Showing posts with label retention of students. Show all posts
Showing posts with label retention of students. Show all posts

Monday, March 17, 2008

8th Grade Retention Battle at Tonight's PEP

It is the 4th anniversary of the Monday Night Massacre where 3 PEP members were fired by Bloomberg because they were going to vote against the 3rd grade retention. Since then, they've added 5th and 7th grade. It's all a crock. What happened to those kids who were held back? The DOE won't reveal - they have a study going supposedly that won't be completed until '09, just when these jokers are leaving office.

With Patrick Sullivan leading the charge and the Bronx PEP rep calling for a postponement of the vote at tonight's Panel for Educational Policy meeting at Tweed, expect the rubber stamp PEP to rubber stamp the BloomKlein policy.

As many have pointed out, ending social promotion is a political, not educational policy. All research shows the policy of holding kids over doesn't really work.

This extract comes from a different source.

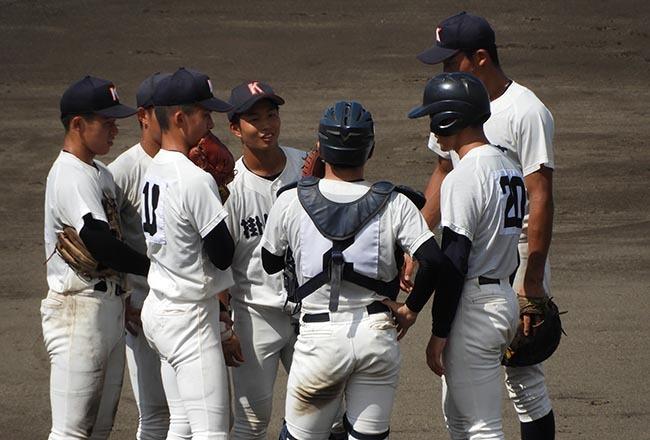 26年ぶり出場の掛川西（静岡）は「古き良き」伝統校！ ユニフォーム・応援スタイルは必見！ “高校野球文化”が薫る【2024甲子園・注目チーム紹介】（高校野球ドットコム）  - Yahoo!ニュース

But individual schools (remember how they were empowered?) should make those decisions for each individual child at the school level. (Read this post from Have a Gneiss Day for a different perspective of a teacher needing the threat of holding kids over to get some work out of them.)

Take any 8th grade prospective holdover. My guess is that this is not the first time. Maybe it's been twice. The kid is practically a grandfather. My friend tells me about a 17 year old father to be in the 8th grade of a K-8 school. So the result will be an increased chance the kid drops out and never clogs one of the Gates schools with his or her presence.

And guess what? Their disappearance will make the high school grad rates go up.

Friday, January 18, 2008

8th Grade Holdover Policy Designed to Force Dropouts

It is so simple. Want to enforce the illusion that graduation rates are rising so you can use that issue to run for the presidency? Start holding back 8th graders before they reach high school. Just enough might of them be disgusted with school to drop out right then and there and never besmirch a Bill Gates school with their presence.

There are consequences when 8th graders are held over. These "social seniors" often feel that is the last straw for them and many drop out right then and there. The ones who show can become a problem for the school – their behavior reflects the impact of being held over.

I was in some middle schools that had to isolate these senior holdovers in a special class. The class size was small but they were so turned off, even that didn't make a difference - maybe 50% attended on any given day with some not showing up for a week or more at a time. Spending any time at all in this class made it clear that though these students were not exactly flourishing before, holding them over made a bad situation intolerable.

Driving them out of school before they can affect the HS grad rates is one of the ideas behind the plan.

Here's what Leonie Haimson of Class Size Matters had to say in her listserve:
Today, in his state of the City address, the Mayor announced that the DOE will now extend their policy of holding back students on the basis of low test scores to 8th graders as well. This is the way they intend to cure the problems of our middle schools!

As the research overwhelmingly shows, holding back kids doesn’t work. 107 academics, researchers, and national experts on testing understand that this policy is not only unfair, given the unreliability of one day’s test results, but will also lead directly to lower achievement and higher drop out rates. They signed the below letter drafted by Class Size Matters and Advocates for Children in 2004 opposing this policy, and nothing has changed since then. In fact, if this policy worked, the DOE 7th grade retention would have caused a rise in 8th grade achievement rates, but instead as the recent NAEPs show, our 8th grade test scores have been stagnant over many years.

Among those who signed our letter included Dr. T. Berry Brazelton, Dr. Ernest House, who did the independent evaluation of New York City’s failed retention program in the 1980’s, four past presidents of the American Education Research Association, Robert Hauser, the chair of the National Academy of Sciences Committee on the Appropriate Use of Educational Testing, and several members of the Board on Testing and Assessment of the National Research Council. Even the two largest testing companies are on record that the decision to hold back a child should never be based upon test scores alone.

Indeed, the professional consensus is so overwhelming about the policy’s destructive academic and emotional consequences that its use amounts to educational malpractice, according to Prof. Shane Jimerson, a dean at the University of California at Santa Barbara.

Nearly everyone who’s looked at our middle schools realizes that their number one problem is huge class sizes. Our middle schools have the largest class sizes in the state by far, and some of the largest in the entire industrialized world. About one quarter of our middle school students are in classes of 31 or more. Yet this administration refuses to intervene by reducing class size, even when the Middle School task force recommended this step. Instead, holding back 8th graders will likely cause class sizes in these grades to grow even larger.

It’s a shame that this administration refuses to take action to actually improve the opportunities for students to succeed, but rather insists on increasing the chances that they will fail.